╭─ ENTRIES SUPPLIED

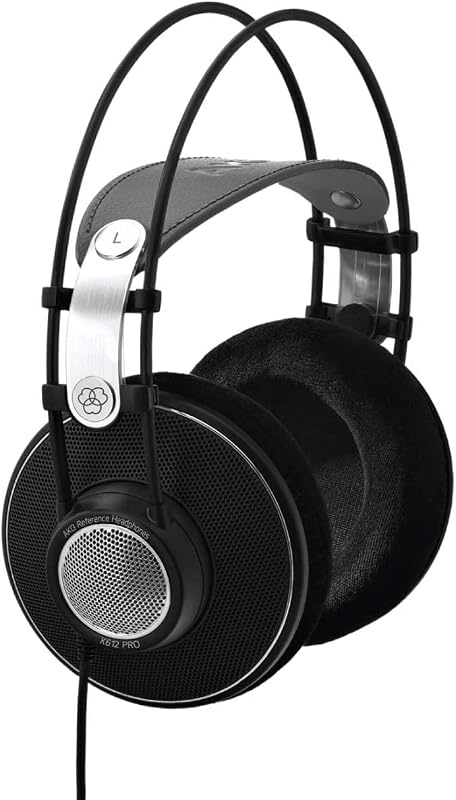 Pro Audio K612 PRO Over-Ear, Open-Back, 120 Ohm, Premium Reference Studio Headphones. Wired for Professional Recording, Monitoring, hi-fi Listening. Light Weight, high Comfort. Black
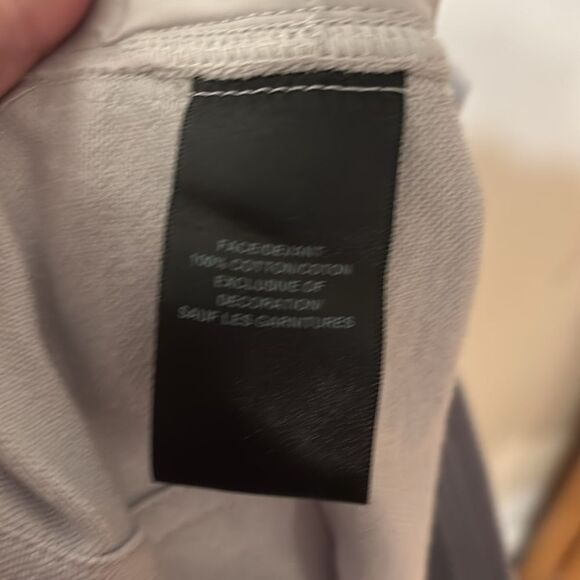 Lafayette 148 New York Light Gray Joggers Large - Picture 3 of 6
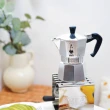 【Bialetti 比亞樂堤】經典摩卡壺MOKA-3杯份-含魷魚遊戲聯名(義式濃縮/原廠保固2年/免插電咖啡機)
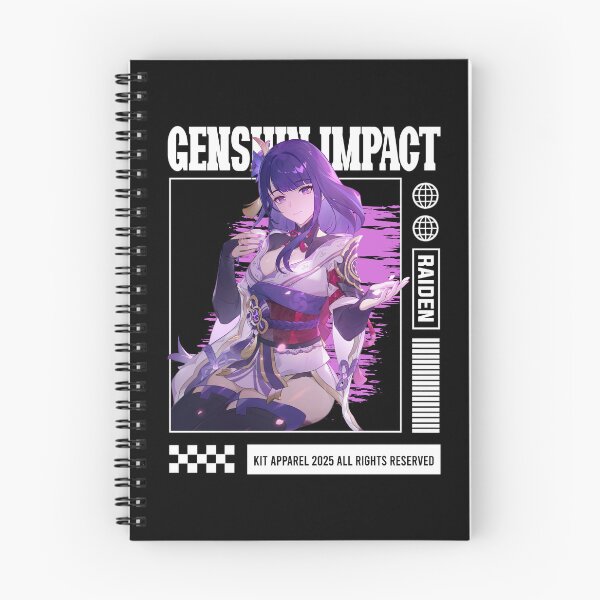 Item preview, Raiden - Impacto de Genshin designed and sold by gontijoart.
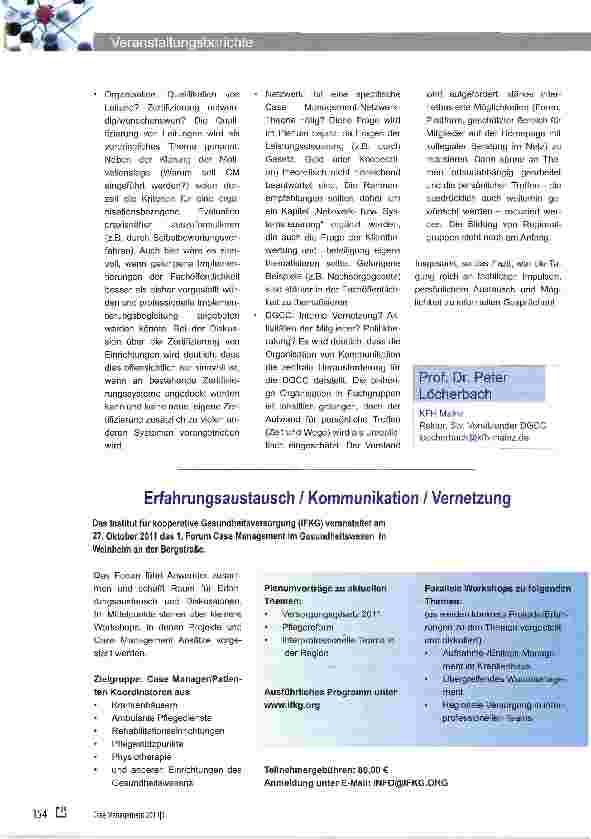 Vorschauseite 4: Case Management bringt es: Klarheit, Sicherheit, Erfolg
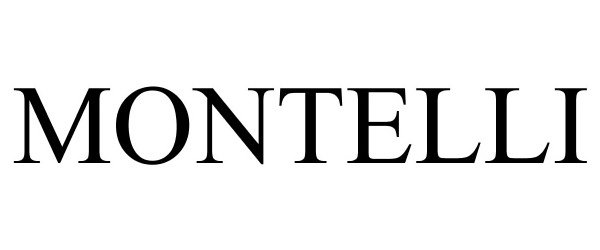 Trademark Logo MONTELLI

╰─

▶ **ABOUT THIS EXERCISE**
Replicate the material above verbatim; images stay out of the copy.

▶ **OUTPUT FOR THIS EXERCISE**
 Pro Audio K612 PRO Over-Ear, Open-Back, 120 Ohm, Premium Reference Studio Headphones. Wired for Professional Recording, Monitoring, hi-fi Listening. Light Weight, high Comfort. Black
 Lafayette 148 New York Light Gray Joggers Large - Picture 3 of 6
 【Bialetti 比亞樂堤】經典摩卡壺MOKA-3杯份-含魷魚遊戲聯名(義式濃縮/原廠保固2年/免插電咖啡機)
 Item preview, Raiden - Impacto de Genshin designed and sold by gontijoart.
 Vorschauseite 4: Case Management bringt es: Klarheit, Sicherheit, Erfolg
 Trademark Logo MONTELLI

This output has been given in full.